33 Hij dan, door de rechter hand Gods verhoogd zijnde, en de belofte des Heiligen Geestes, ontvangen hebbende van den Vader, heeft dit uitgestort, dat gij nu ziet en hoort.

34 Want David is niet opgevaren in de hemelen; maar hij zegt: De Heere heeft gesproken tot Mijn Heere: Zit aan Mijn rechter hand.

35 Totdat Ik Uw vijanden zal gezet hebben tot een voetbank Uwer voeten.

36 Zo wete dan zekerlijk het ganse huis Israels, dat God Hem tot een Heere en Christus gemaakt heeft, namelijk dezen Jezus, Dien gij gekruist hebt.

37 En als zij dit hoorden, werden zij verslagen in het hart, en zeiden tot Petrus en de andere apostelen: Wat zullen wij doen mannen broeders?

38 En Petrus zeide tot hen: Bekeert u, en een iegelijk van u worde gedoopt in den Naam van Jezus Christus, tot vergeving der zonden; en gij zult de gave des Heiligen Geestes ontvangen.

39 Want u komt de belofte toe, en uw kinderen, en allen, die daar verre zijn, zo velen als er de Heere, onze God, toe roepen zal.
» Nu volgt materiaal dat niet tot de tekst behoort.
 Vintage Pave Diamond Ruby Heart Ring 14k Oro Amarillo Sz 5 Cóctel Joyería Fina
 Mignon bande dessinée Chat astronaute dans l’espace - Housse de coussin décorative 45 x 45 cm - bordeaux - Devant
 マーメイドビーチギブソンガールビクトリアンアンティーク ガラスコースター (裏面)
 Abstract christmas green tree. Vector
40 En met veel meer andere woorden betuigde hij, en vermaande hen, zeggende: Wordt behouden van dit verkeerd geslacht!

41 Die dan zijn woord gaarne aannamen, werden gedoopt; en er werden op dien dag tot hen toegedaan omtrent drie duizend zielen.

42 En zij waren volhardende in de leer der apostelen, en in de gemeenschap, en in de breking des broods, en in de gebeden.
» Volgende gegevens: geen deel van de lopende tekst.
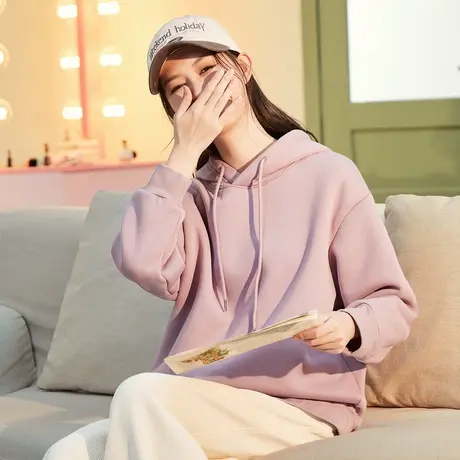 唐狮冬季新款女卫衣连帽宽松休闲帽衫慵懒风oversize加绒上衣商品大图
43 En een vreze kwam over alle ziel; en vele wonderen en tekenen geschiedden door de apostelen.

44 En allen, die geloofden, waren bijeen, en hadden alle dingen gemeen;

45 En zij verkochten hun goederen en have, en verdeelden dezelve aan allen, naar dat elk van node had.

46 En dagelijks eendrachtelijk in den tempel volhardende, en van huis tot huis brood brekende, aten zij te zamen met verheuging en eenvoudigheid des harten;

47 En prezen God, en hadden genade bij het ganse volk. En de Heere deed dagelijks tot de Gemeente, die zalig werden.